When a sighted person uses the web, they use their eyes to scan the page, and then make a decision where to click their mouse or where text needs to be input such as on a form. Buttons and links are easily discerned. For a blind person, navigating these simple tasks requires an extraordinary amount of time in comparison and relies on whether the website being used is in compliance with W3C (World Wide Web Consortium) and WebAIM (Web Accessibility In Mind) guidelines and international law.
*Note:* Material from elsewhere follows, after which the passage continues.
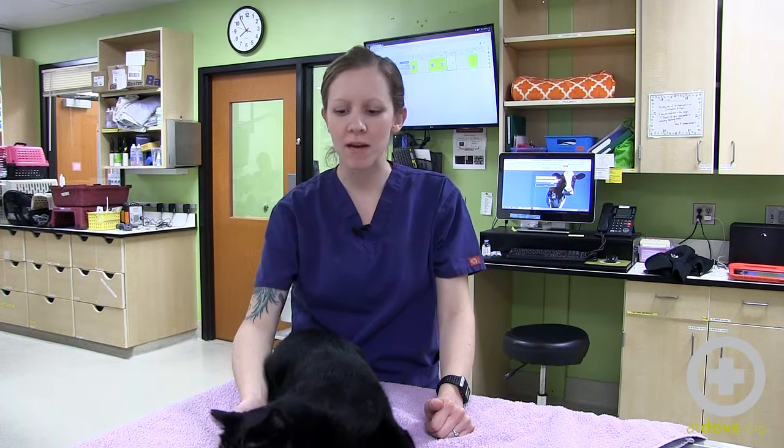Hi, my name is Amy. I'm a veterinary assistant here at Delve Lewis, and today I'm going to demonstrate how to wrap a cat for restraint for an IV catheter or any front leg injection.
Why Design Accessible Websites
Change is slow. In 2015, you would think that all major companies would realize the need to design their company websites using accessibility principles, but, sadly, that is not the case. Increasingly, pressure from the Justice Department, advocacy groups, and individuals through filing class-action lawsuits are making companies consider the consequences of non-compliance. It seems that these profit-centered companies don’t realize that it is actually in their best interests to design compliant websites if they would consider the following motivations:
- To improve the lives of people with disabilities.
- Reach a wider audience or consumer base to sell their products.
- Avoid costly lawsuits.
Two of the three motivations would improve the bottom-line and help contribute to the success of the business.
Visual Impaired Friendly Website Principles
Websites designed using the basic principles of P.O.U.R. will make the experience of using the internet for visually impaired much easier. P.O.U.R stands for:
- Perceivable – because they cannot see visual information such as graphics, layout, or color based cues.
- Operable – because they usually depend on a keyboard to navigate web content instead of a mouse.
- Understandable – because they cannot understand content that is presented in an illogical order, or which contains extraneous text not meant to be read word-for-word.
- Robust – because the assistive technologies used by the blind are not always capable of accessing a broad range of technologies, especially if the technologies are new.
Web Devices Used By the Visually Impaired
The main device used by the visually impaired to access the internet is screen reader software such as JAWS on a PC or VoiceOver on a Mac. Screen readers are specialized software that translates the printed worlds on a website into spoken text. More than just reading words, screen readers also alert users of special content markers that are coded into a page through HTML like buttons, links, and navigation. Each line of screen text is read one at a time from top-bottom, left-right, which is often confusing unless the site has been coded in an organized fashion.
Screen readers can also be used in conjunction with a Braille device (shown above) if the visually impaired person also has a hearing deficit. The words on the screen that are translated to speech will also raise and lower special pins on the device that simulate the characters of the Braille alphabet.
While this does offer basic functionality, it does not solve all of the potential problems faced by a visually impaired user. The following video explains some of the potential problems that screen readers don’t solve and makes the general case for web accessibility in a college setting.
Much More to Do
Advances in technology have provided internet users with disabilities access to the vast pool of information that is available on the web. But, much more needs to be done to make it a pleasant experience. The government, corporations, and individuals must be made aware of the importance of accessibility and how it transforms the lives of those with disabilities. Also, more legal framework, whether national or international must be put in place to ensure that the internet can attain total functionality for the un-impaired as well as the visually impaired.